# MATERIAL PROVIDED
──────────────────────────────

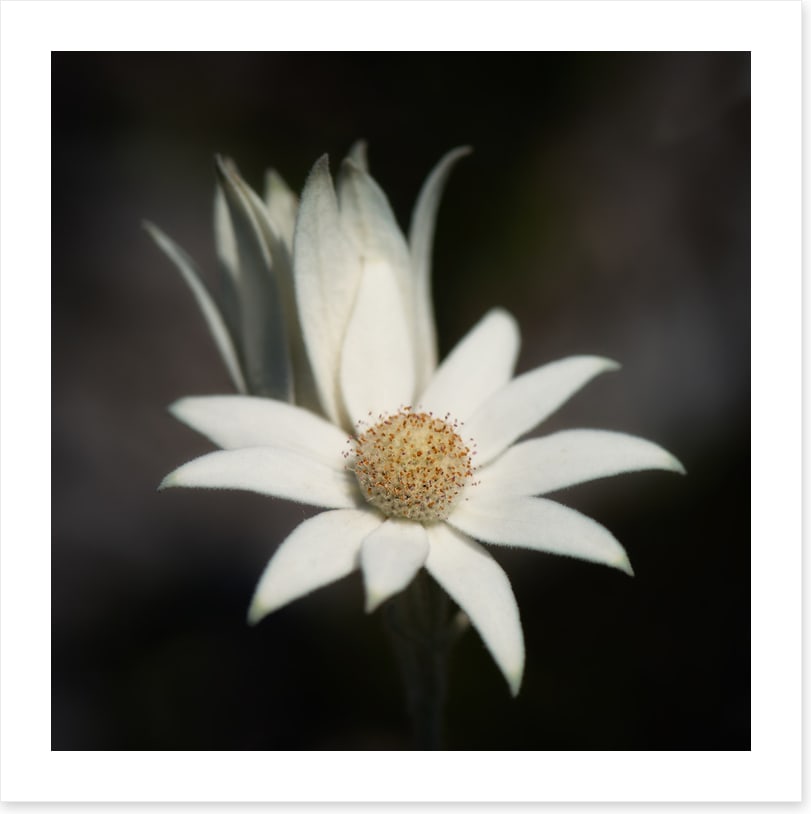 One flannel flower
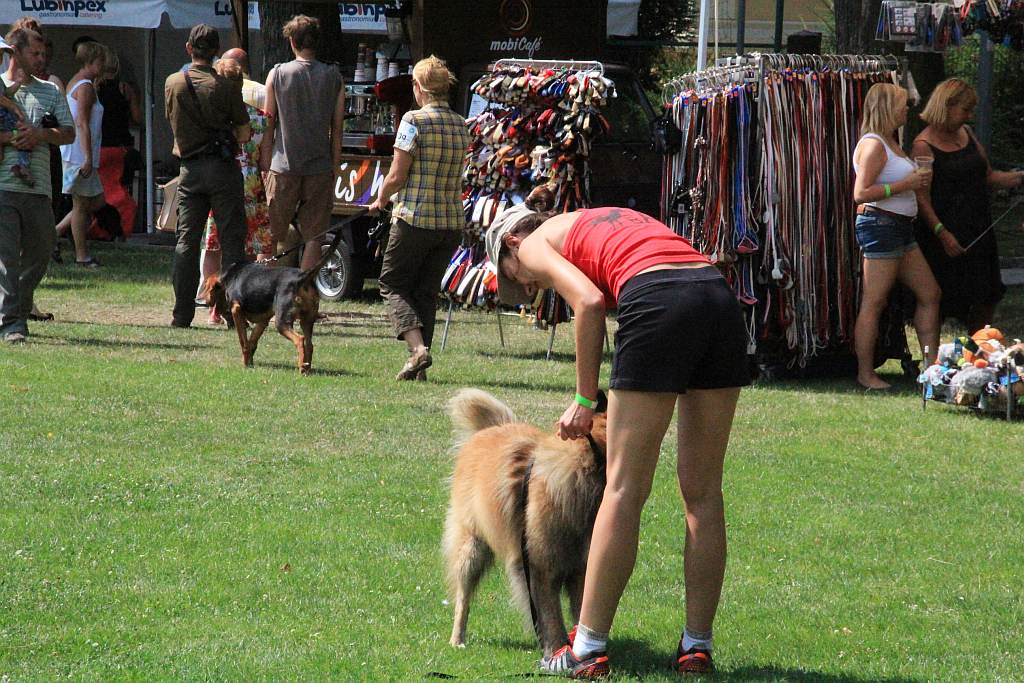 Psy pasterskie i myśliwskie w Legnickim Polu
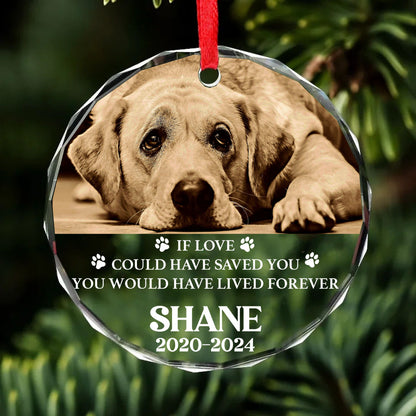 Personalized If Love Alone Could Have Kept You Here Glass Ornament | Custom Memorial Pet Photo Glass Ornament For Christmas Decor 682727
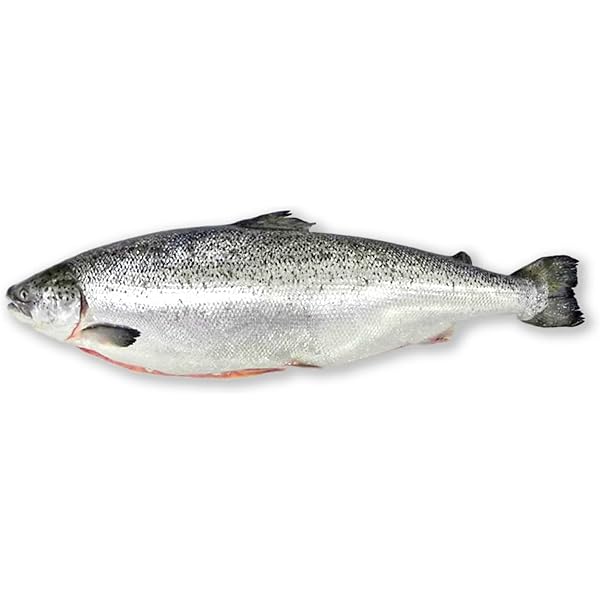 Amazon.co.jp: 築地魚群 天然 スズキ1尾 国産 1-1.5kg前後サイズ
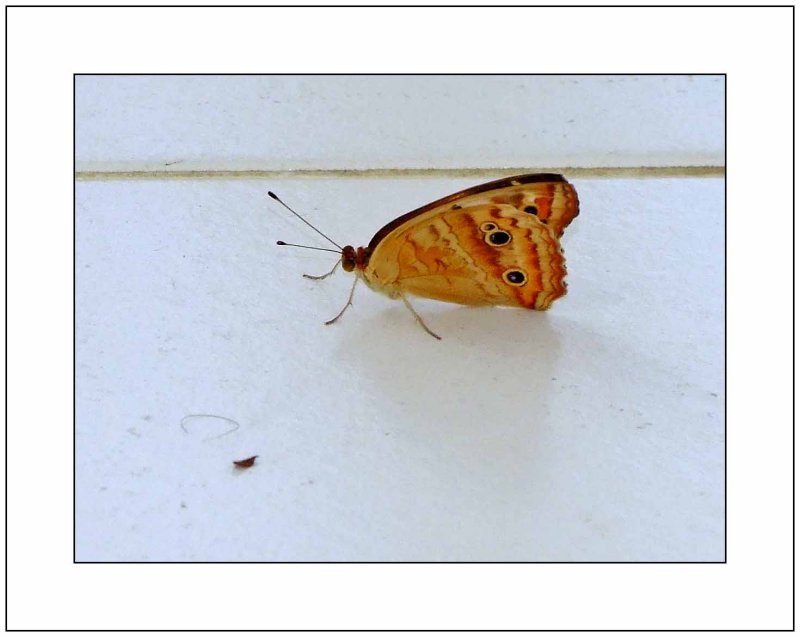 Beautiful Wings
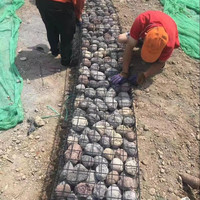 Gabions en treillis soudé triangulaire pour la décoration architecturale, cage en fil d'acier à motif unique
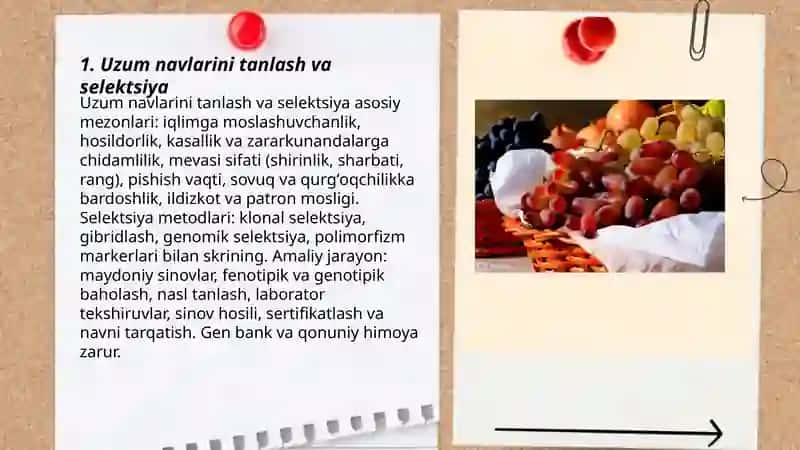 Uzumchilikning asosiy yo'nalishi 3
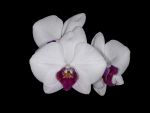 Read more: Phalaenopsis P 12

──────────────────────────────

# WHAT THIS TASK INVOLVES
Without any pictures, please write out the lines from the one containing "Psy pasterskie i myśliwskie w Legnickim Polu" through the final line of the data, exactly and inclusive of both ends.

# COMPLETED EXERCISE
 Psy pasterskie i myśliwskie w Legnickim Polu
 Personalized If Love Alone Could Have Kept You Here Glass Ornament | Custom Memorial Pet Photo Glass Ornament For Christmas Decor 682727
 Amazon.co.jp: 築地魚群 天然 スズキ1尾 国産 1-1.5kg前後サイズ
 Beautiful Wings
 Gabions en treillis soudé triangulaire pour la décoration architecturale, cage en fil d'acier à motif unique
 Uzumchilikning asosiy yo'nalishi 3
 Read more: Phalaenopsis P 12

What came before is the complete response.